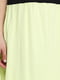 Платье А-силуэта серо-желтое | 5486410 | фото 4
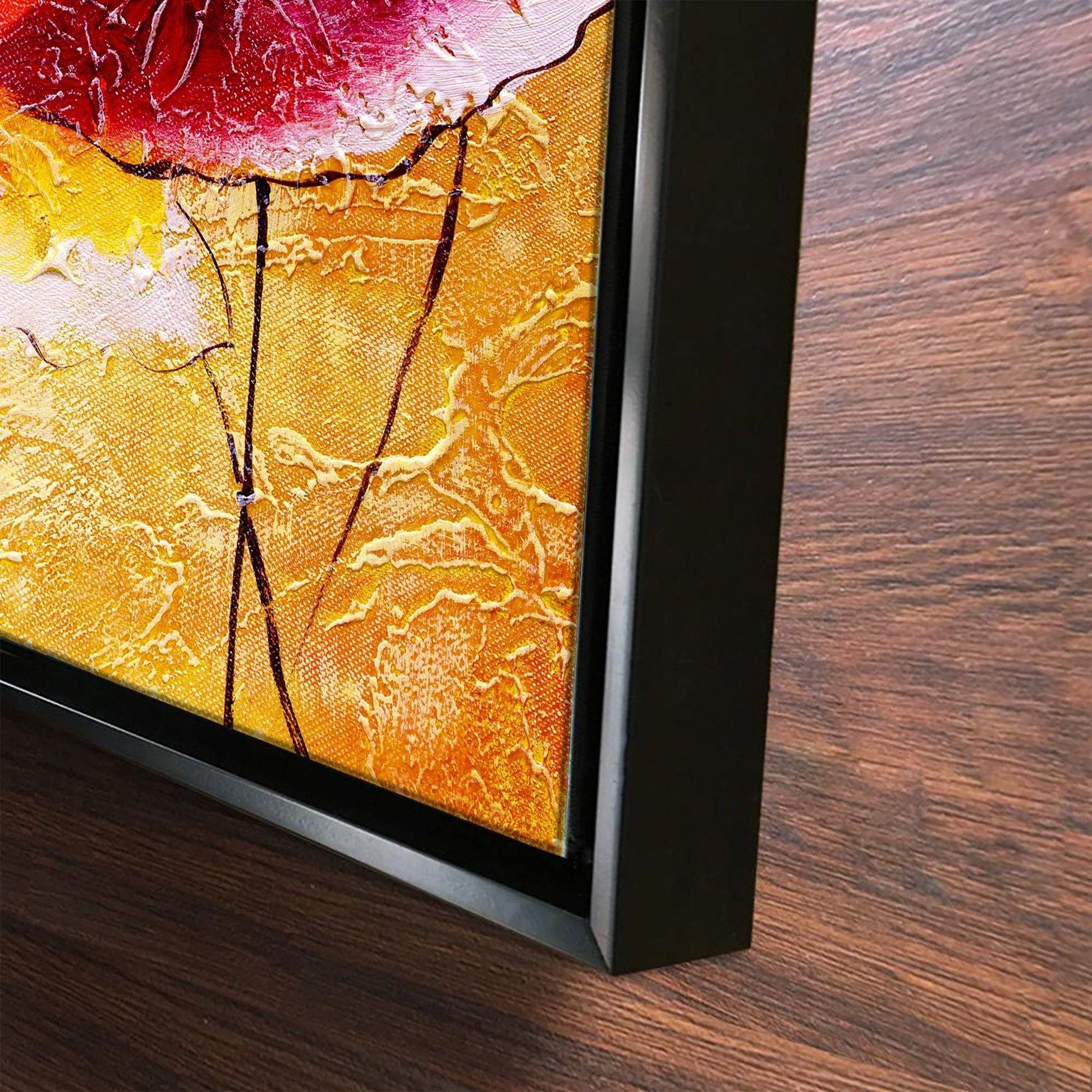 African Warli Art Floating Canvas Wall Painting Frame - Decor Mantra 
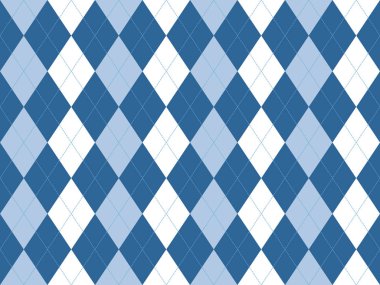 Mavi beyaz argyle seamless modeli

**Exercise directions:** Everything from the line with "African Warli Art" through the last line above must be repeated exactly, except the pictures.

**Your response:**
 African Warli Art Floating Canvas Wall Painting Frame - Decor Mantra 
 Mavi beyaz argyle seamless modeli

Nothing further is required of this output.